BMC Nephrol. 2026 Mar 5. doi: 10.1186/s12882-026-04856-7. Online ahead of print.
ABSTRACT
BACKGROUND: Acute kidney injury (AKI) is defined by an increase in serum creatinine according to the Kidney Disease: Improving Global Outcomes criteria. In contrast, pseudo-renal failure is a rare condition characterized by azotemia and electrolyte imbalance that mimic AKI, while the actual renal function remains preserved. Because of its rarity and nonspecific presentation, pseudo-renal failure is often misdiagnosed as true AKI. We report a rare case of pseudo-renal failure caused by intraperitoneal bladder rupture following gynecologic surgery. This case is unique in that pseudo-renal failure was accompanied by severe hyponatremia and nephrotic-range proteinuria despite the absence of significant glomerular pathology, highlighting an important diagnostic pitfall.

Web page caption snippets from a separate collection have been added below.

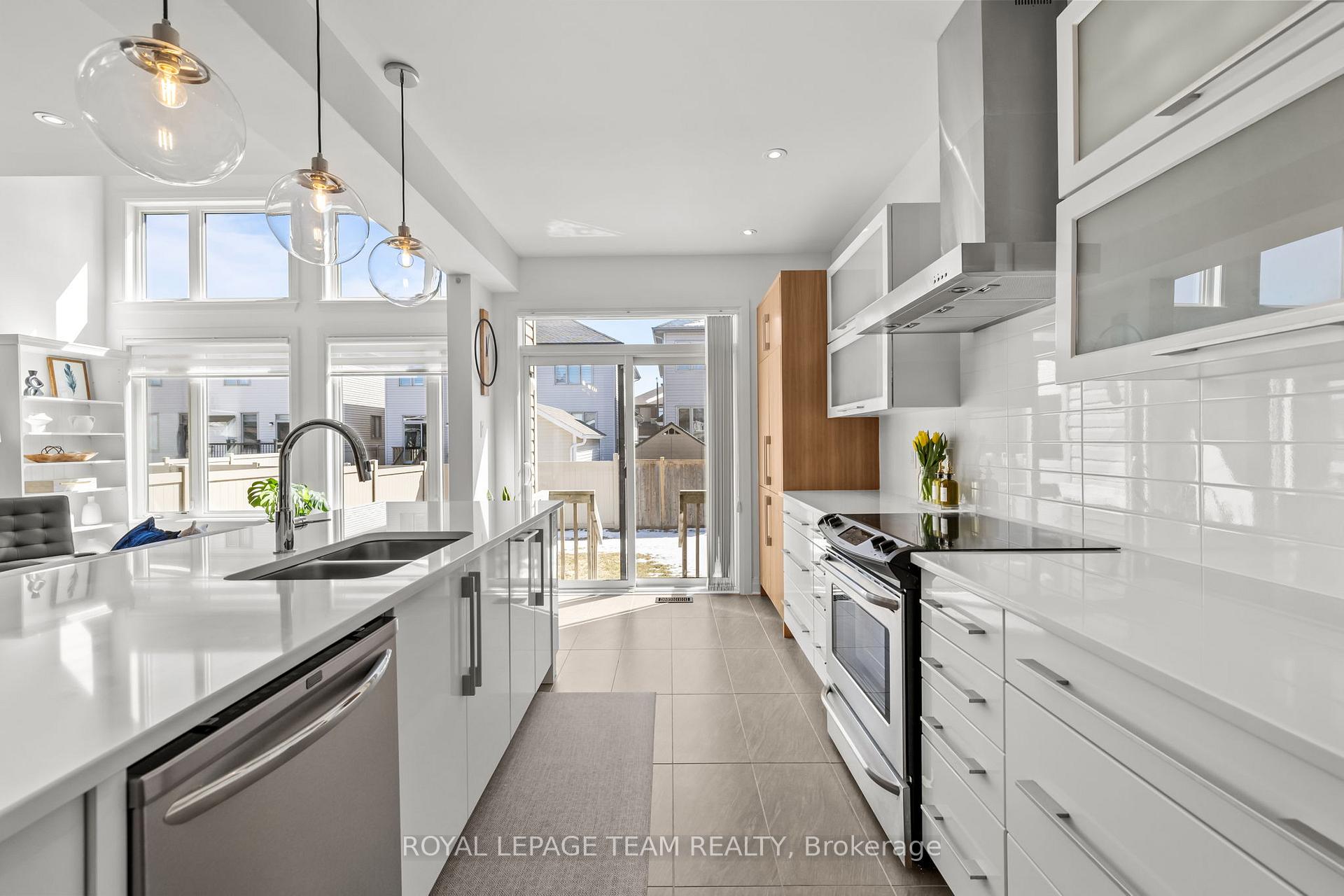 Photo 12 of 734 Brian Good Avenue, Ottawa, Riverside South/Gloucester Glen — HOMEH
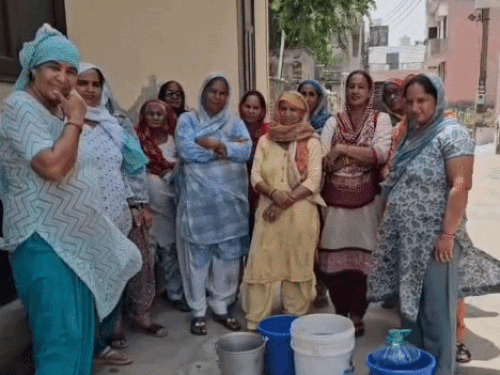 जनस्वास्थ्य विभाग को 24 घंटे का अल्टीमेटम; बोलीं-समाधान नहीं हुआ तो रोड जाम करेंगे|रोहतक,Rohtak - Dainik Bhaskar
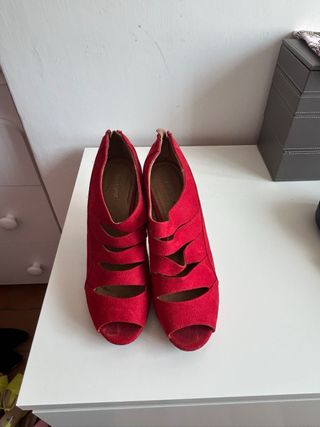 Scarpe rosse aperte n. 39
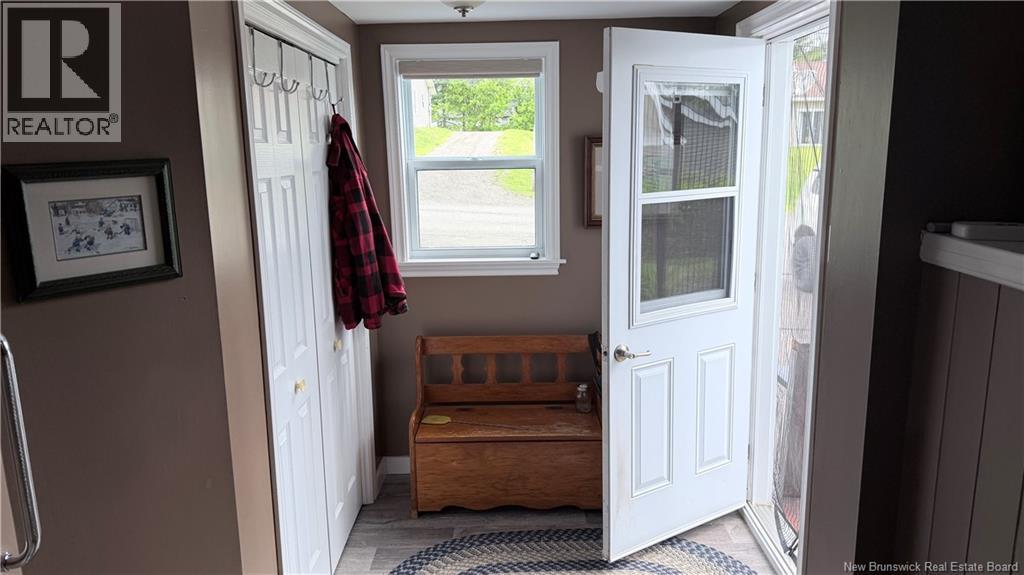 221 Barrett, Perth-Andover, New Brunswick  E7A 1E1 - Photo 4 - NB142143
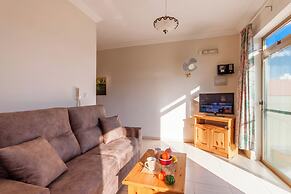 Pool and Sea, Penthouse Merill Apart 6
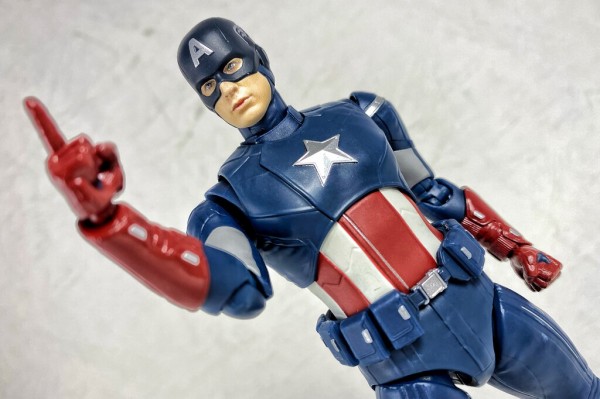 フィギュアーツ キャプテンアメリカ CAP VS. CAP EDITION S.H.Figuarts キャプテン・アメリカ ‐《CAP VS. CAP》 EDITION
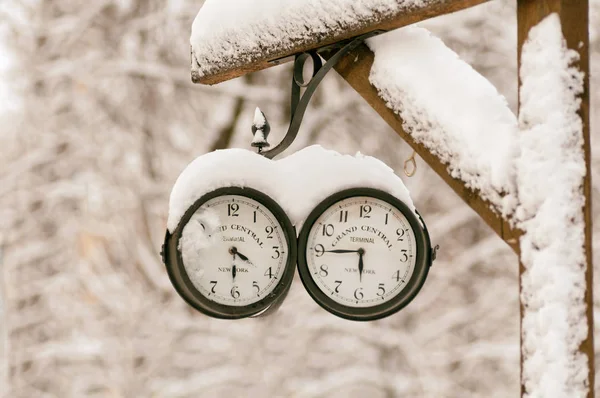 Relógio velho sob a neve — Fotografia de Stock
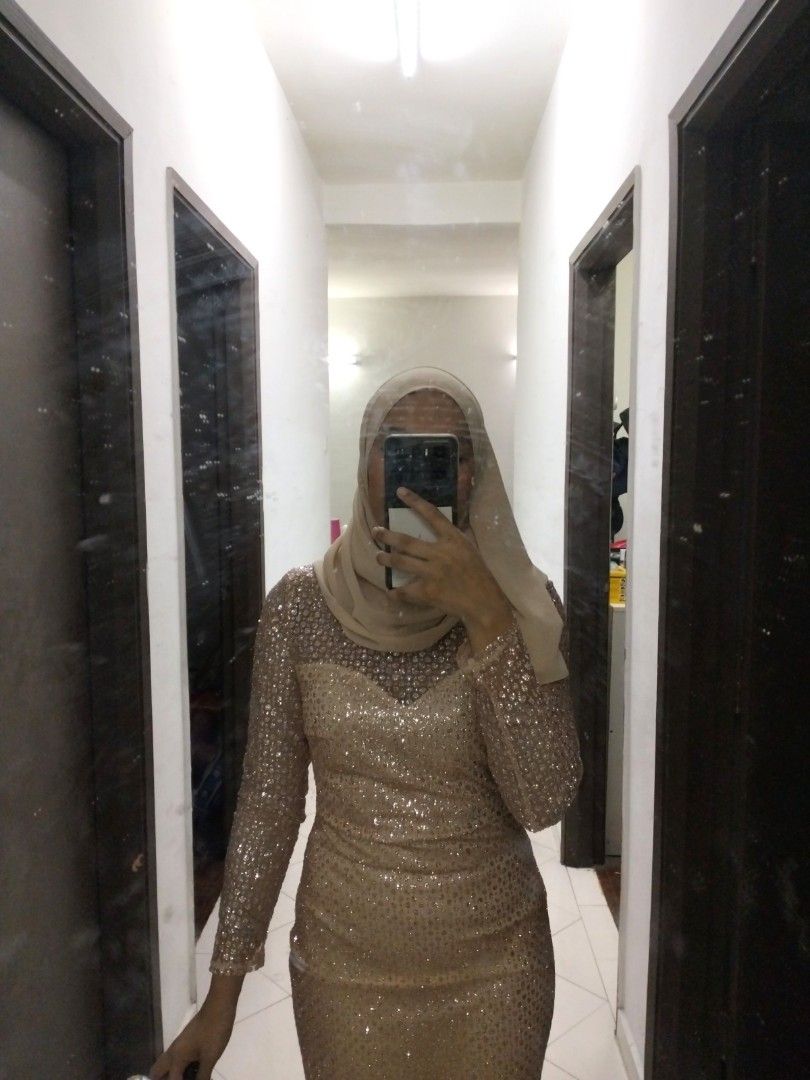 Dress gala hotsell dinner hijab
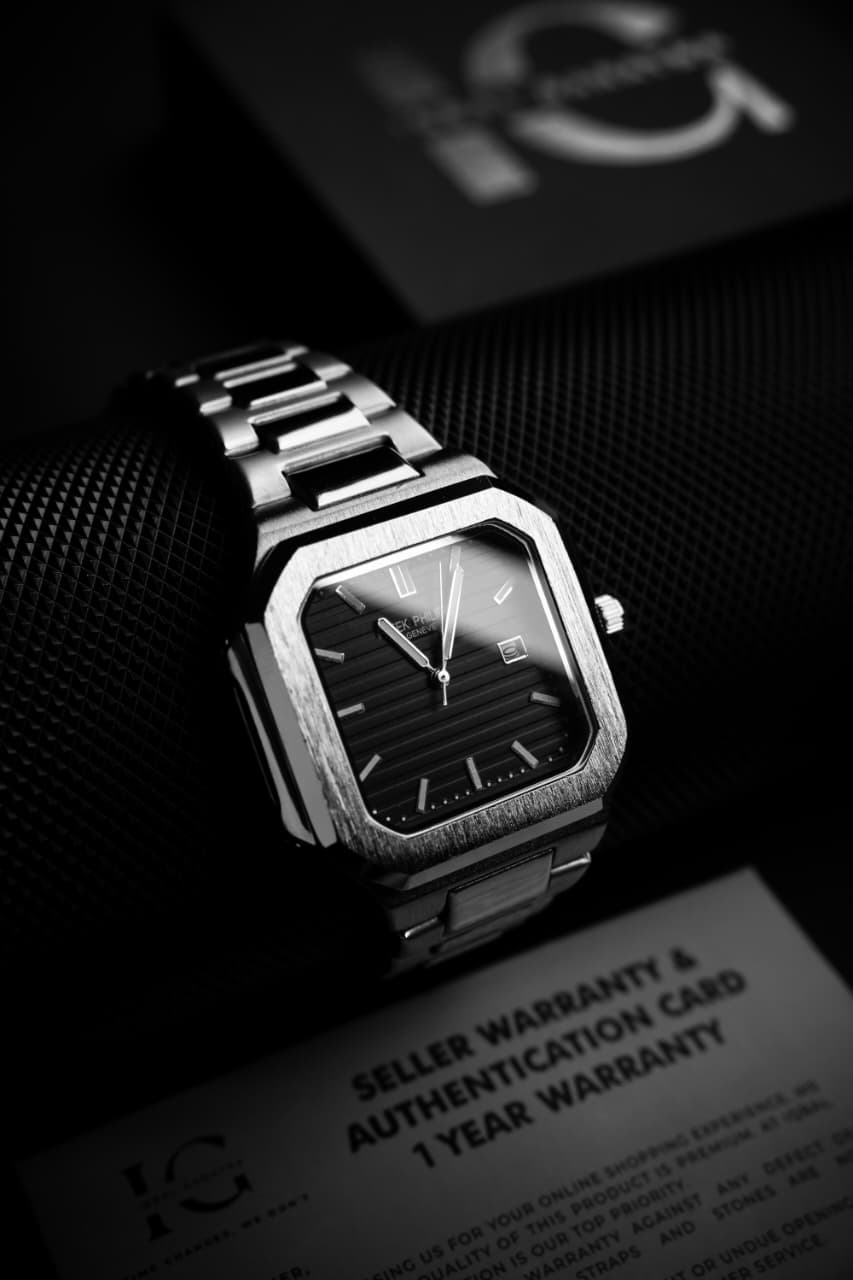 Cubic Model | Black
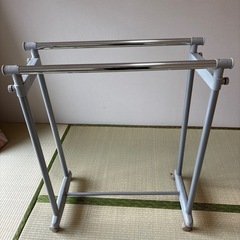 パイプハンガーの画像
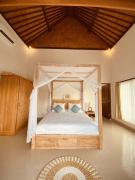 1 bedroom jungle flat with large balcony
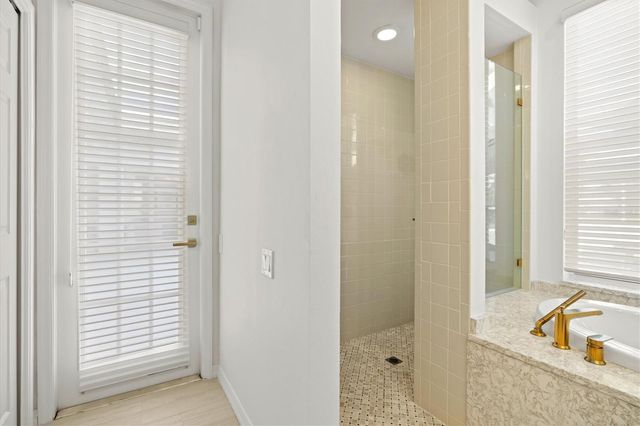 7857 WILTON CRESCENT CIRCLE, University Park, FL 34201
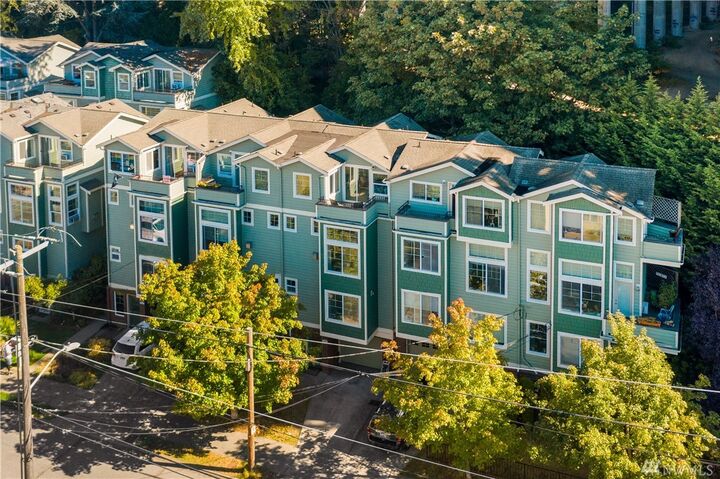 Property Photo:  1802 Franklin Ave E  WA 98102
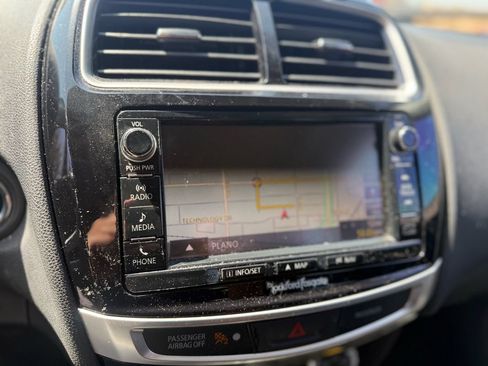 Used 2016 Mitsubishi Outlander Sport GT FWD image 9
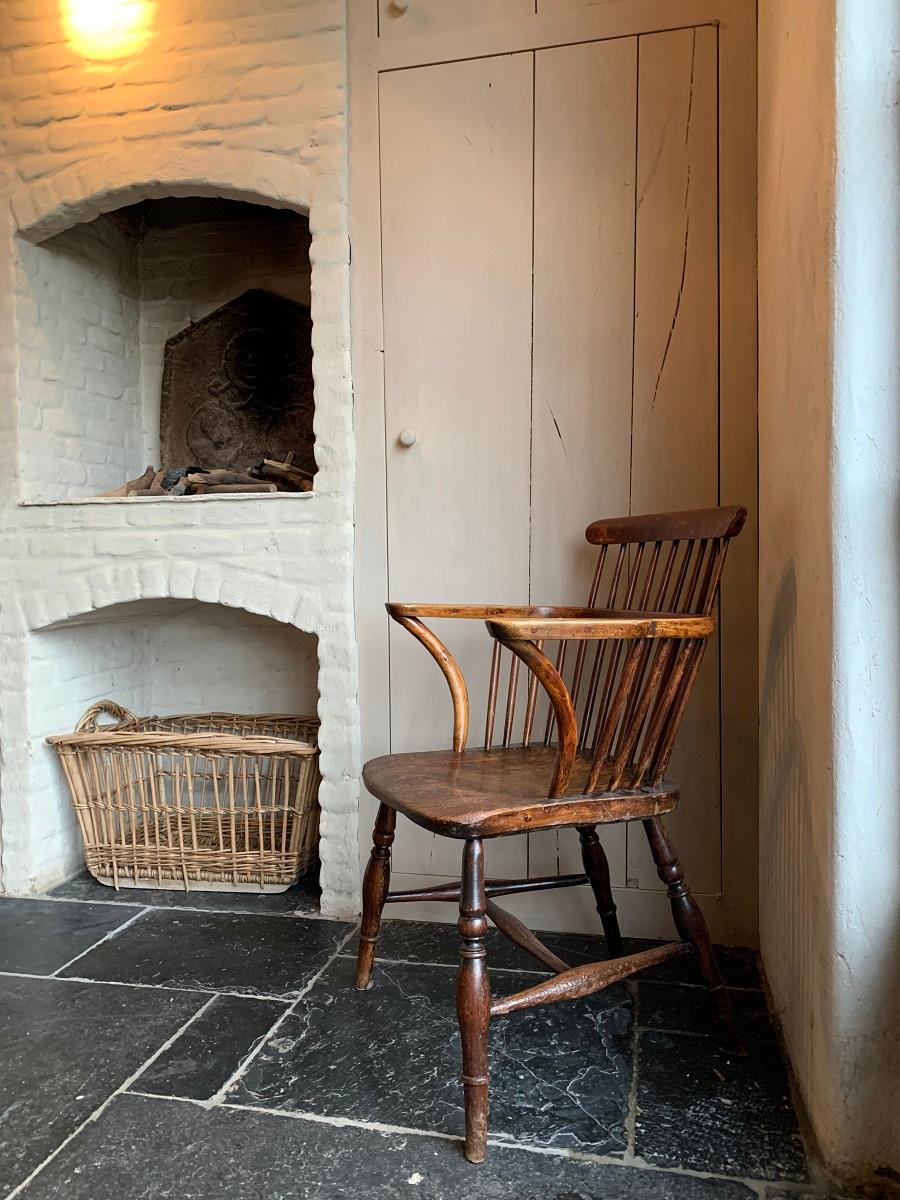 Fait main Chaise Windsor à dossier en peigne du 19e siècle en vente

CASE PRESENTATION: A 49-year-old woman presented with progressive renal dysfunction and persistent mild lower abdominal discomfort two weeks after total laparoscopic hysterectomy with bilateral salpingo-oophorectomy for uterine leiomyoma. Laboratory tests revealed markedly elevated blood urea nitrogen (68.2 mg/dL) and creatinine (4.48 mg/dL), with relatively preserved cystatin C (1.34 mg/L), severe hyponatremia (123 mmol/L), and nephrotic-range proteinuria (7.9 g/day). A kidney biopsy was performed to evaluate for an underlying glomerular disease; however, it revealed only minor glomerular changes with no significant pathological abnormalities. Abdominal ultrasonography revealed moderate ascites without other remarkable findings. To investigate the cause of the ascites, diagnostic paracentesis was performed, which revealed an ascitic creatinine level higher than the serum creatinine level, suggesting urinary ascites. Consequently, computed tomography (CT) cystography confirmed urinary leakage caused by intraperitoneal bladder rupture. The patient underwent the surgical repair following Foley catheter placement. Her renal function normalized postoperatively, with resolution of hyponatremia and a reduction in proteinuria.
CONCLUSIONS: This case highlights the importance of recognizing pseudo-renal failure as a differential diagnosis of unexplained azotemia, particularly in patients with recent pelvic surgery. The coexistence of elevated serum creatinine with relatively preserved cystatin C, ascites, hyponatremia, and nephrotic-range proteinuria should raise suspicion for urinary tract injury. Measurement of ascitic fluid creatinine and CT cystography are key diagnostic tools for genitourinary trauma that can prevent unnecessary invasive procedures and guide timely therapeutic interventions. Ultimately, awareness of this entity enables prompt diagnosis and favorable clinical outcomes for patients.